§ PROBLEM:
Please print the entries below exactly, from the line with "Image showing We" through the line with "Feeling the pinch: Hewitt's", including both of those lines and leaving out all others.

━━ EXERCISE MATERIAL ━━

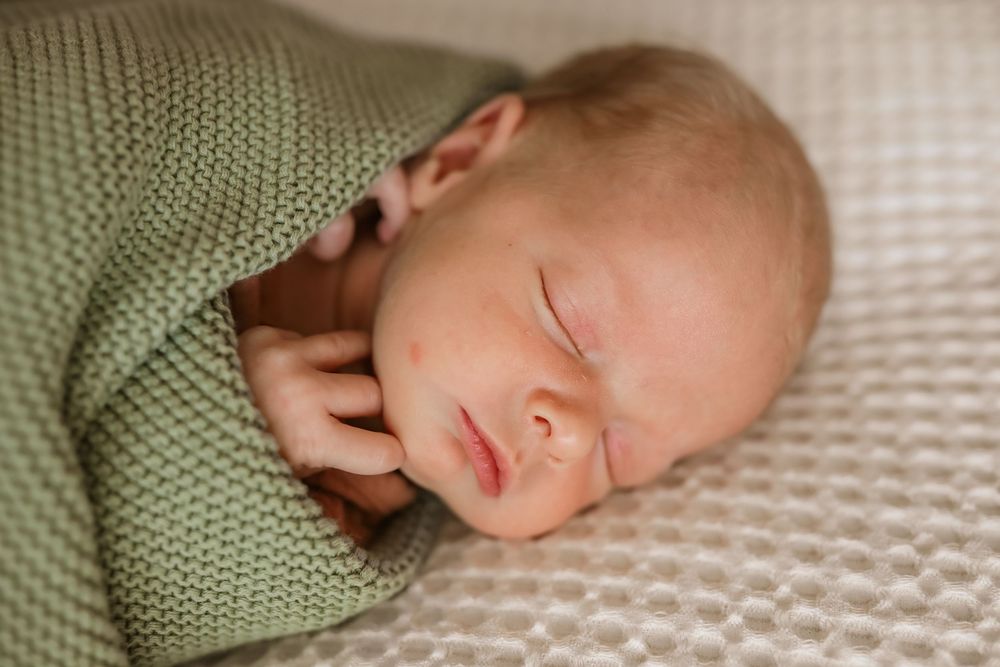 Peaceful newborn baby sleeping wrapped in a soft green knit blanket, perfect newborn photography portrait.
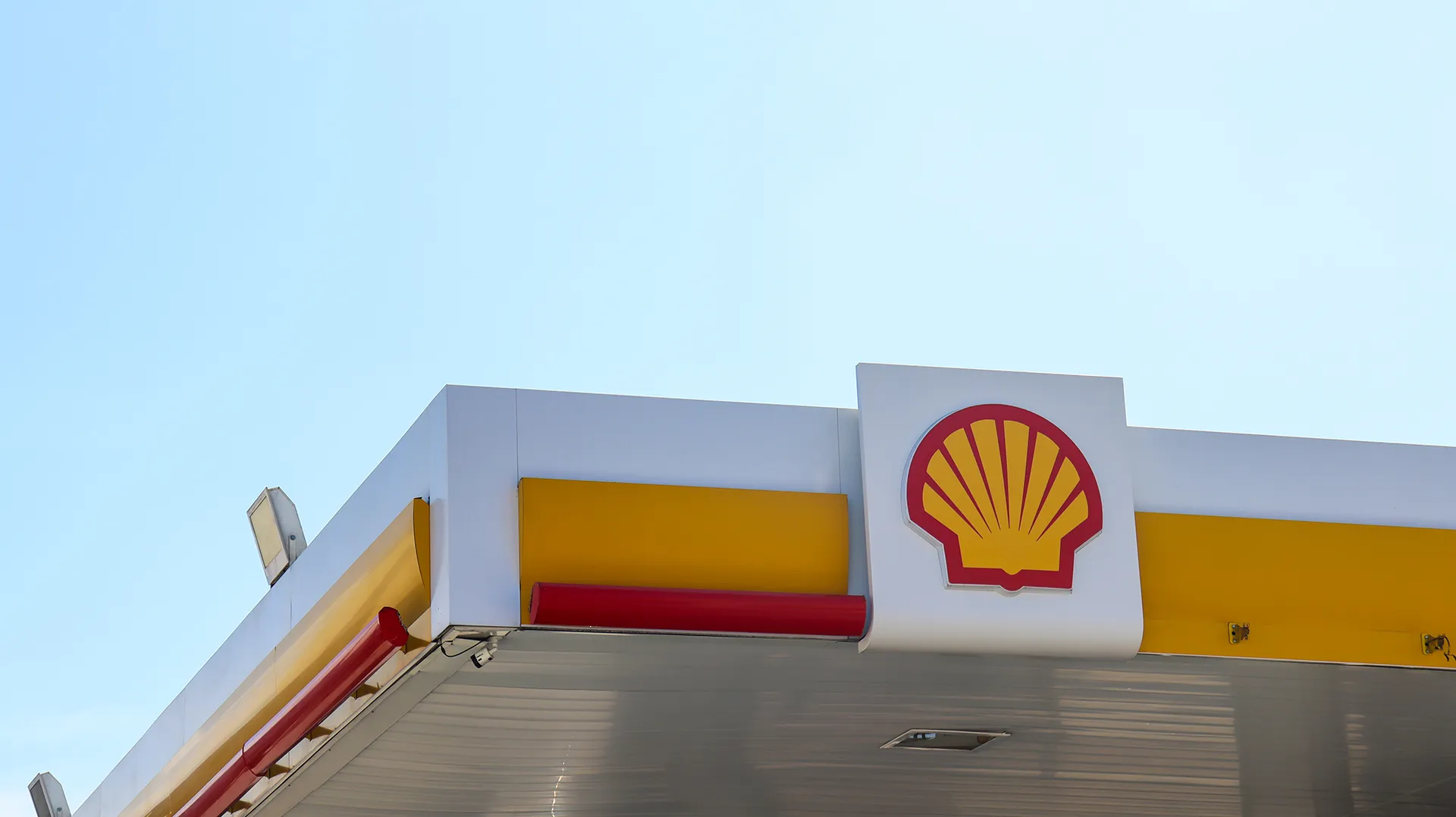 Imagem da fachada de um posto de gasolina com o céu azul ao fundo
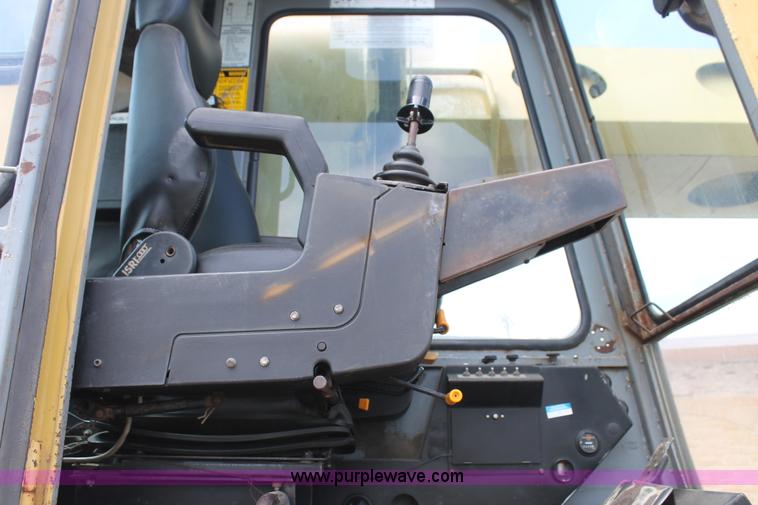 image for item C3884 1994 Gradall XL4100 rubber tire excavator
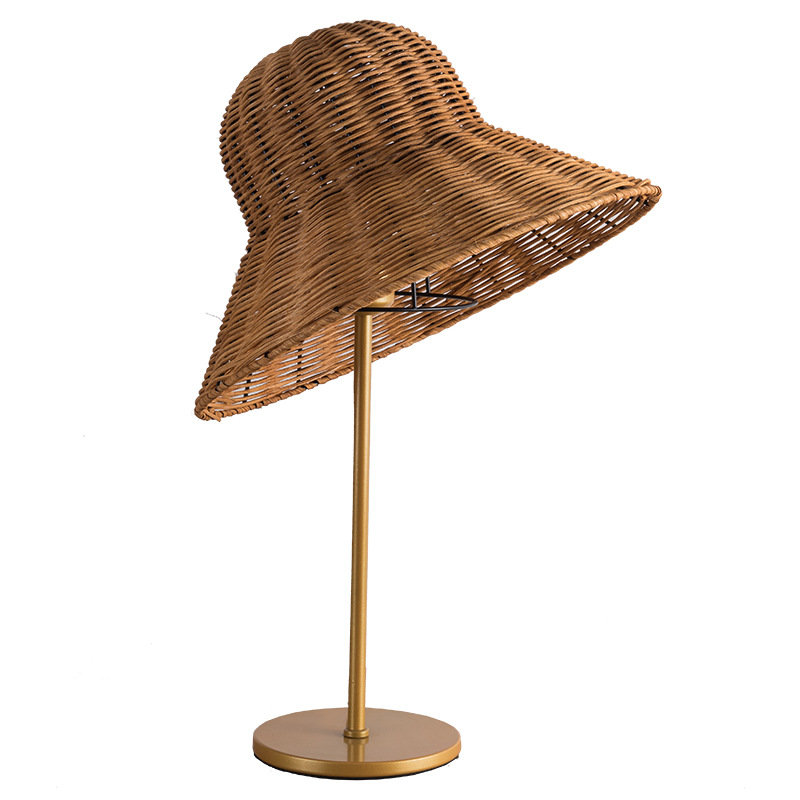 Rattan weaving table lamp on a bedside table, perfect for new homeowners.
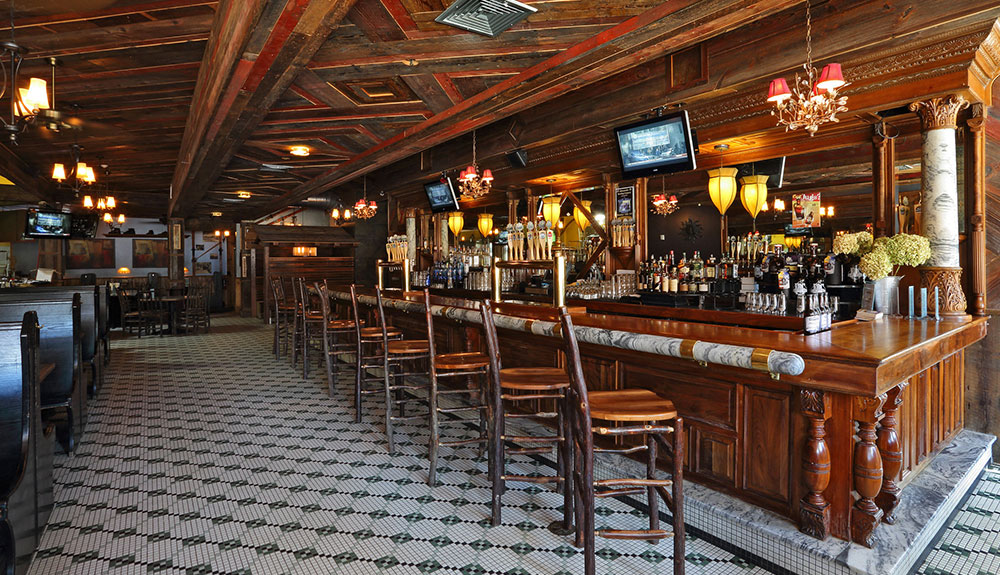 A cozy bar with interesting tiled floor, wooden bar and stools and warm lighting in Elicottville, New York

━━━
━━ EXERCISE MATERIAL ━━

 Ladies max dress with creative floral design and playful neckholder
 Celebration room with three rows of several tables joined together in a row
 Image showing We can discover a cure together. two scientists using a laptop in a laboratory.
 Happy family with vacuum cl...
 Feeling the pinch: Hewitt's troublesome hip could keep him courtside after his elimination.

━━━

§ RESPONSE:
 Image showing We can discover a cure together. two scientists using a laptop in a laboratory.
 Happy family with vacuum cl...
 Feeling the pinch: Hewitt's troublesome hip could keep him courtside after his elimination.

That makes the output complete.